27.8.06

Conticnho

tic, tic

seu dedo batia contra o vidro. Junto à janela, madrugada, não conseguia dormir. Havia decidido passar a noite assim, como uma louca, tic, tic. Seu relógio da parede não tinha pilha, seu despertador em forma de animal estava quebrado, seus relógios de pulso e sua lua estavam distantes e faziam barulho baixinho demais para os ouvidos. Então tic, tic, seu dedo na janela, tic, tic, o sono vai chegar.
Mas não. A escuridão tardava a cessar e seus olhos eram duas labaredas atentas aos contornos daquele mundo sem luz que, de quando em quando se fechavam para dedicar seus sentidos exclusivamente aquele movimento contínuo, tic, tic. Vício. De repente se imaginou em uma reunião de loucos anônimos viciados em bater em vidros de janelas, fazendo confissões e contando há quanto tempo não fazia mais isso, “um dia de cada vez”. tic, tic.
Imaginara também os jornais noticiando a morte de pessoas por overdose de tic, tic. “O excelentíssimo doutor Fulano de Tal, que deu entrada ontem à tarde no Hospital São Sei Lá do Quê com um quadro grave de overdose tictídica, veio a falecer agora à noite. Fulano de Tal bateu tantas vezes e com tal força contra o vidro de sua janela que provocou uma hemorragia interna... tarará-tarará”. Riu, abafado, porém enlouquecidamente.
A aurora fez que ia surgir, mas o negro tapete de estrelas ainda não queria ser suspenso, tic, tic, tic, tic, tic. O ritmo daquela compulsão havia aumentado, junto com o ranger de dentes e uma principiante falta de ar. Sentia o ar gelado das primeiras horas entrando pelos pulmões, mas não tanto quanto deveria. Mas não sentia isto. Aquela sua nova mania tinha um quê de indescritivelmente prazerosa que não permitia que ela notasse e se preocupasse com certas alterações em seu metabolismo, tic, tic, tic, tic. “Eu sou louca?”, pensava, “eu sou louca? eu sou louca?” tic, tic. Uma ansiedade sem motivo havia tomado conta dela e seu coração acelerava. Ela puxava mais o ar gélido que não vinha. Olhos acesos, abertos como de espanto, boca seca, tic, tic, sono que não chega, escuridão que não se vai, tic, tic, vidro, bater contra o vidro, vidro, tic, tic.

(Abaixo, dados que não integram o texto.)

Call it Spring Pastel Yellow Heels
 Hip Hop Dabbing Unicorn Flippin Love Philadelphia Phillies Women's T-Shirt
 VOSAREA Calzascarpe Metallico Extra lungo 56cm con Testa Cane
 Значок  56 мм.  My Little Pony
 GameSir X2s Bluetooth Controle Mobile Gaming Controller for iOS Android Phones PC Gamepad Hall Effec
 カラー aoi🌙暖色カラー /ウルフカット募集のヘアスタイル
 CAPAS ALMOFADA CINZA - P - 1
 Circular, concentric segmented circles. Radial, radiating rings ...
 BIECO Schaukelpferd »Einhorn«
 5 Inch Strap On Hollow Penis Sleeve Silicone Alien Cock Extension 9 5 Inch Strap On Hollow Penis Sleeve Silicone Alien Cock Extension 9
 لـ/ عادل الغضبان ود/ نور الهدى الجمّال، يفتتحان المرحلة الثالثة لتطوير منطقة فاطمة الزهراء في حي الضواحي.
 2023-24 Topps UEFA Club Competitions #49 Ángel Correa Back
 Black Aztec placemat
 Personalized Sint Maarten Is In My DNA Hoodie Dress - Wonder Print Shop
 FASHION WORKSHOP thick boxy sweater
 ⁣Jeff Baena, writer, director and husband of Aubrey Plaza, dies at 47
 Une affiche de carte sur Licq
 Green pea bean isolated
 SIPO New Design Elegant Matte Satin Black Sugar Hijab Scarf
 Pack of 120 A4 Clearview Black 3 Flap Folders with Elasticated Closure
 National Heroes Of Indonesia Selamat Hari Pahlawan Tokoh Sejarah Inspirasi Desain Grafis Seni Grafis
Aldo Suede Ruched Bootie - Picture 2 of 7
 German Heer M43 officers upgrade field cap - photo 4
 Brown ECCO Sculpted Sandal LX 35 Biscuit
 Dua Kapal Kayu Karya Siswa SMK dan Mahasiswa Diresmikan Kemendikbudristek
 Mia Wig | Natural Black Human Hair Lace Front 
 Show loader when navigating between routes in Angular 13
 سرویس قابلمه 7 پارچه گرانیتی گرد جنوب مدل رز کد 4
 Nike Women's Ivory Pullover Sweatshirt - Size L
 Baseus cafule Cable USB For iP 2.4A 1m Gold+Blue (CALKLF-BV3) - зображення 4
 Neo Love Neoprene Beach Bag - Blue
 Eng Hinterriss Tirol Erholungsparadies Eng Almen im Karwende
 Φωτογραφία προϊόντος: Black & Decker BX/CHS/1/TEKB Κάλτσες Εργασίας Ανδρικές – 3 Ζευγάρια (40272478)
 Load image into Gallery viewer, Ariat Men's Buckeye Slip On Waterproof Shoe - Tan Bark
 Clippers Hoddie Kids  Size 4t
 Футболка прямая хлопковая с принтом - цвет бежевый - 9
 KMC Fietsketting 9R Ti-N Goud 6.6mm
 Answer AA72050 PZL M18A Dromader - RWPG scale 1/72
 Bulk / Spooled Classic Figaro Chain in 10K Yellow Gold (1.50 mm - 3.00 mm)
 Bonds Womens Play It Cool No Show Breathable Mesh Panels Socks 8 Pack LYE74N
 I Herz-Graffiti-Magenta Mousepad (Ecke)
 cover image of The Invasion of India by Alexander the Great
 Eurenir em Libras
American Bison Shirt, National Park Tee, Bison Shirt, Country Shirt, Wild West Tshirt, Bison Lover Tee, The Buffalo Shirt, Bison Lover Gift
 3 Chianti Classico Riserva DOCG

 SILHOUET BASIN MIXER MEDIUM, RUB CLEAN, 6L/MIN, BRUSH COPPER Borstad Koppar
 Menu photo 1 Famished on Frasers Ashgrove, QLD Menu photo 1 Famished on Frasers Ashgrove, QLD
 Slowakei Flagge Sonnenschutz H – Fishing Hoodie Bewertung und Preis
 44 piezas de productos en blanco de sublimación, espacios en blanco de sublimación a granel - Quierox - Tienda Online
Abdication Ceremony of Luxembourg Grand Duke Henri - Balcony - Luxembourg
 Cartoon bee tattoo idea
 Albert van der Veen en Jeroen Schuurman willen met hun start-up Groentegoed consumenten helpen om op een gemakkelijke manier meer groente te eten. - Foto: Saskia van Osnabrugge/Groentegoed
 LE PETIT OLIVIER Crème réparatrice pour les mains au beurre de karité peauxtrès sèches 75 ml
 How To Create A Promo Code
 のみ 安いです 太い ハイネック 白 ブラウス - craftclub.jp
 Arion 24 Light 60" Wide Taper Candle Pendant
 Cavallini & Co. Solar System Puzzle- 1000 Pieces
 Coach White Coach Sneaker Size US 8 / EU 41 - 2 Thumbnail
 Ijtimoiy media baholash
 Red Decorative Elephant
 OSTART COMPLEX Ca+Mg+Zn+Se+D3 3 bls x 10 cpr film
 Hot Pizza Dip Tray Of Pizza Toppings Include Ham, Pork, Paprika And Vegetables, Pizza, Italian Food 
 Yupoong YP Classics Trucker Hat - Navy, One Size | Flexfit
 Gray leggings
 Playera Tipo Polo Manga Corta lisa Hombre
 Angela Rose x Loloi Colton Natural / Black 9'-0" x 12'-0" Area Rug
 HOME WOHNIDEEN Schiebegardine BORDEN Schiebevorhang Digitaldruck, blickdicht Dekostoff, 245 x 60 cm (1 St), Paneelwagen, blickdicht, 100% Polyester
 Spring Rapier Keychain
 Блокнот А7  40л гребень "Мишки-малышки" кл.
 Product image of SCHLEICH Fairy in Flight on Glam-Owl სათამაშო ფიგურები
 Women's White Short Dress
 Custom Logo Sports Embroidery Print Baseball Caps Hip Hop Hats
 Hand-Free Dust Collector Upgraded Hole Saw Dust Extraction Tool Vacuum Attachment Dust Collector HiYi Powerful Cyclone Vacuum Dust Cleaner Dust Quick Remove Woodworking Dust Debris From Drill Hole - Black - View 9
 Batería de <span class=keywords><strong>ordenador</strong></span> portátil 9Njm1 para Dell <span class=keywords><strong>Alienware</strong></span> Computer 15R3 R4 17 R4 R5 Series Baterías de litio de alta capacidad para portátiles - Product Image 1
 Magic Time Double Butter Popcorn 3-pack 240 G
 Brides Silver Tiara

Tum- tum, tum- tum, tum-tum, tum-tum, tum-tum, tuuuuuuuu... tic, tic parou.

Amanheceu.

“tantantantantantantantantan... Atenção para última notícia: a escritora Dominique Barroso foi encontrada morta em seu apartamento. A ingestão de uma grande quantidade de remédios anti-depressivos causou-lhe parada cardíaca... tururu-tururu... E agora, futebol! O Santos vence por 2 x 1...”.

Amanda Nascimento

[faz um tempo já que escrevi, não lembro quando, mas tá valendo ;)]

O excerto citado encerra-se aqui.